Tuesday, December 16, 2008

Save That Paper and Those Cards!

Every birthday and Christmas, we would hear my dad say "Don't throw that away, we can reuse it again." He would salvage the paper if we didn't rip it up in the process of opening it. My dad would actually use his pocket knife to cut the tape on his presents so he didn't rip any of the paper. It does seem like a waste to buy nice paper and only use it once. I always thought he was being silly saving it but now that I buy it, I can see his point.

One of the best purchases I feel I ever made were fabric gift bags from a co-worker whose wife made them and sold them. They came in three sizes and were especially good for odd shaped things. They can easily be used over and over again. My parents thought they were great! They are also nice for people who do not like to wrap presents, for whatever reason. They look very easy to make too.
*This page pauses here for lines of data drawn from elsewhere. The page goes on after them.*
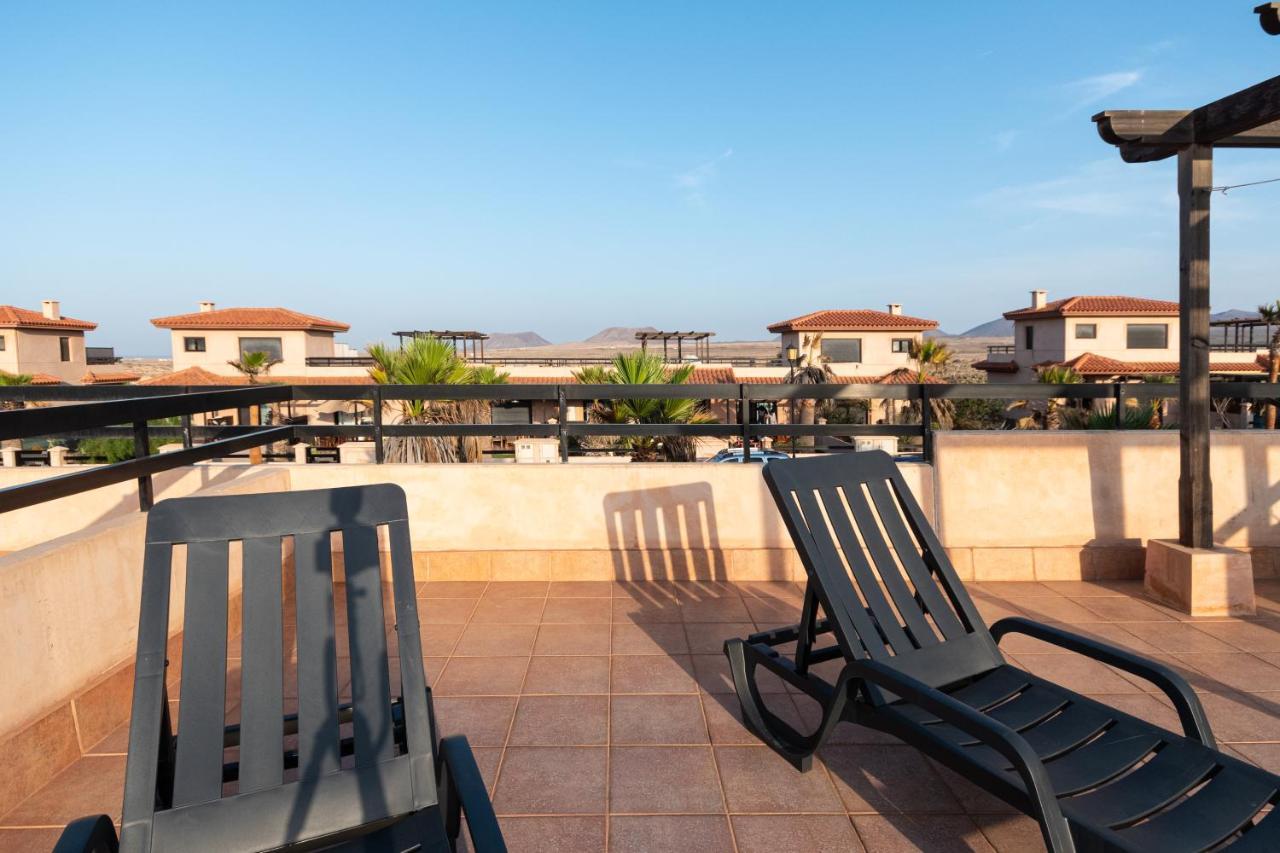 Casa Belle - No Stress Holidays Lajares Exteriér fotografie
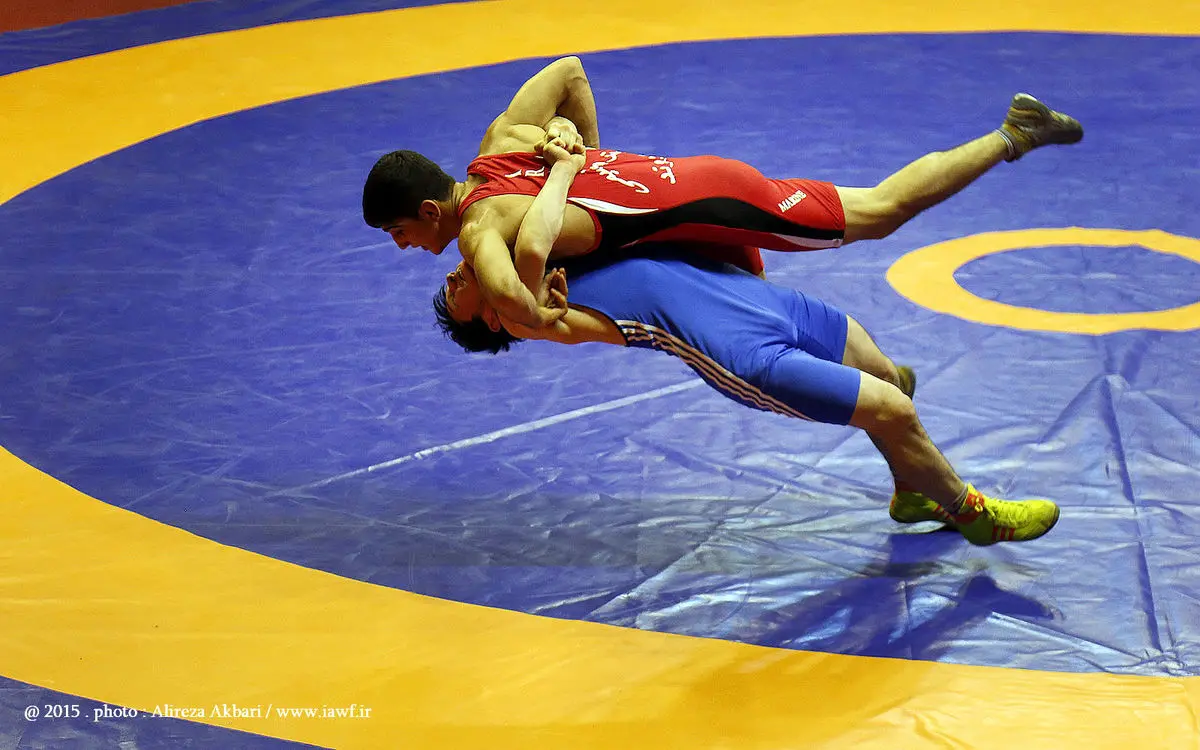 اطری صاحب مدال طلا شد، یزدانی به مدال نقره رسید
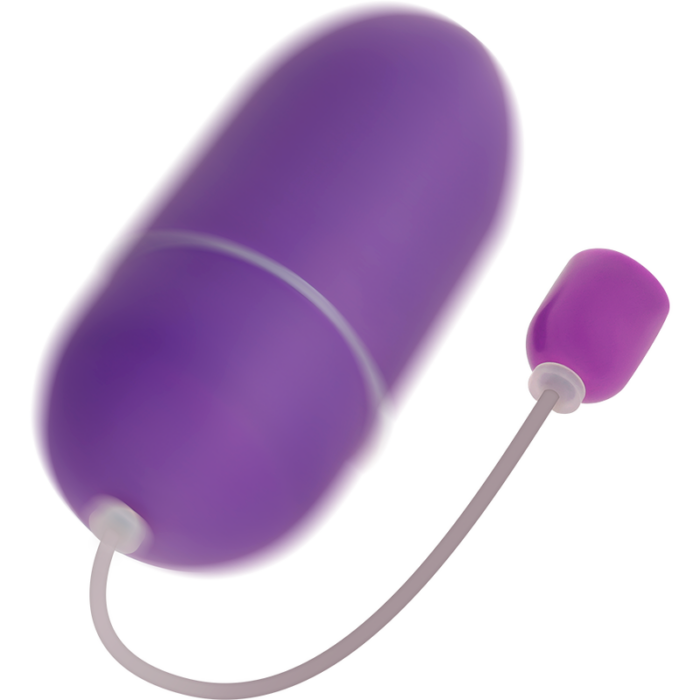 ONLINE - HUEVO VIBRADOR WATERPROOF LILA - CandyHot - Foto 2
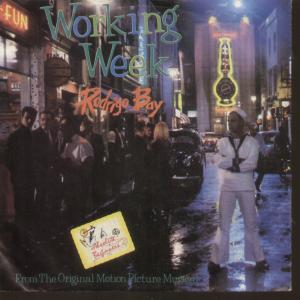 Working Week - Rodrigo Bay - 7 Inch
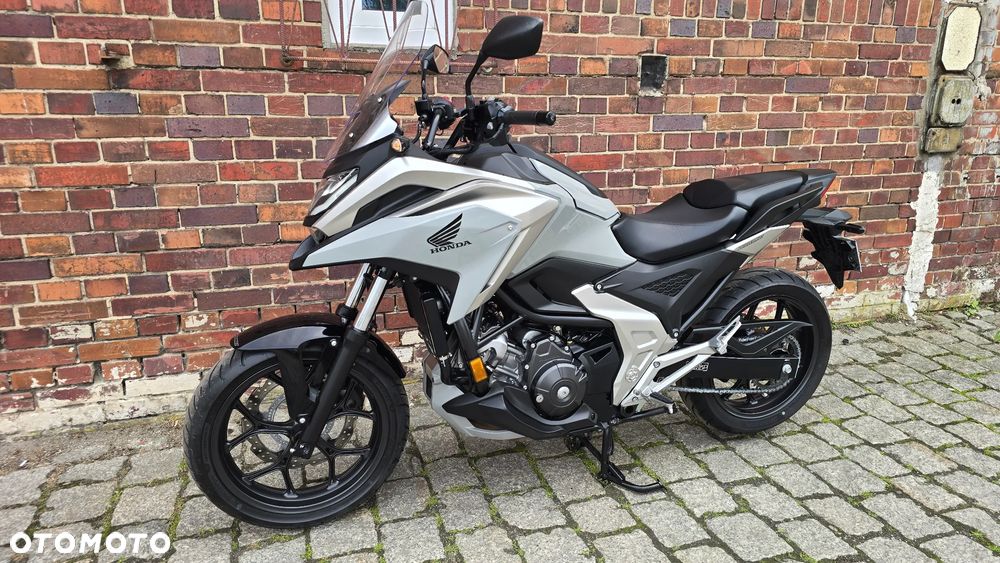 Honda NC - 2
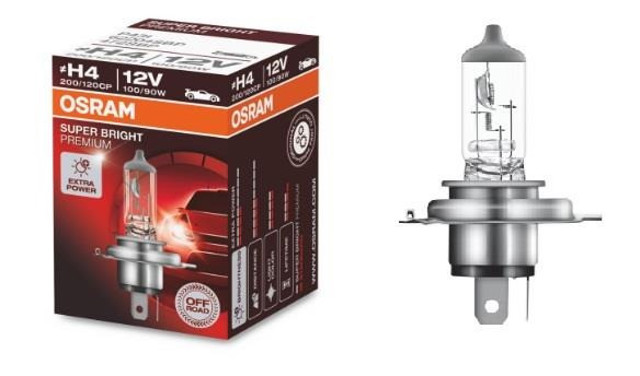 OSRAM 62204SBP Лампочка галогенная в наличии Киев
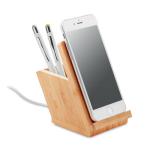 BAICOI Wireless charger pen holder 5W Timber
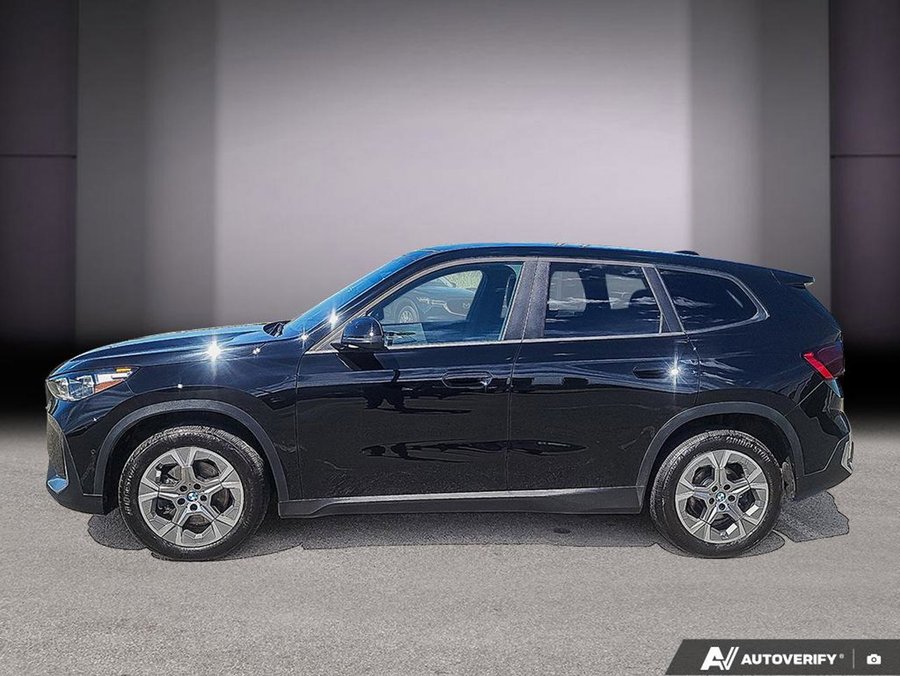 2023 BMW X1 2023 Black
I found some free instructions for them at Craft and Fabric Links. I must admit though, it's more fun to tear off wrapping paper than untie the fabric bag bow and be careful not to pull out the ribbon like my husband does. If I had a sewing machine, I think even I could make these! If you are not a sewer either but would like some, you can buy them from www.luckycrow.com.

My parents were always looking for ways to save money, after all, they were raising four kids! One of the things I used to help my mom do was to make gift tags. My parents would recycle the Christmas cards they received by cutting parts of them up and using them for the "to" and "from" tags for gifts. Here is a video of me making some to demonstrate this very difficult procedure!


Anonymous said...

My grandma and mom were the same way. I can remember Grandma gathering up all the wrapping paper and folding it carefully for storage for another time. And I don't think we ever bought tags - we always cut up old Christmas cards to reuse. I think living through the Depression affected everyone and they never forgot it. When Grandma died, we found stacks of paper in all sizes she had saved over the years for writing. In her recipe box, I found the back of someone's graduation notice that she had used to write a recipe on. I feel so wasteful when I think of all she did to conserve.

Anonymous said...

I'm the same way. In our house, we are always careful with the wrapping paper. So many beautiful papers, it seems a shame to just throw it away. We do the same thing too with the Christmas cards :) My late husband used to make all his own bows and all our wreaths too.

tashabud said...

Hi Karen,
That's definitely a great way to recycle. I keep most cards that have meaning to me or to the family. But there are few ones that, aside from the printed messages that come with the cards, have only the signatures of the sender, I usually throw them. Now, I can put them to good use.

Thanks for sharing.


Anonymous said...

Yes, I think the older people who lived through the depression just got in the habit of saving everything. I think we better start following their example because it seems we are heading for another one these days.

Unknown said...

Every year I keep all my cards with the intent of making something with them, and I never find anything I want to make with them, so I end up tossing them. Finally! This is something I could do and would definitely use - GREAT idea, thanks!

Unknown said...

I don't recycle cards or paper. Not that I don't see the point in it, but we move so often that saving it would be one more thing for us to move and then figure out what happened to it at Christmas time, lol. I love the idea of fabric gift bags though. Those could be reused as bags to put sewing supplies in or for the kids to play with.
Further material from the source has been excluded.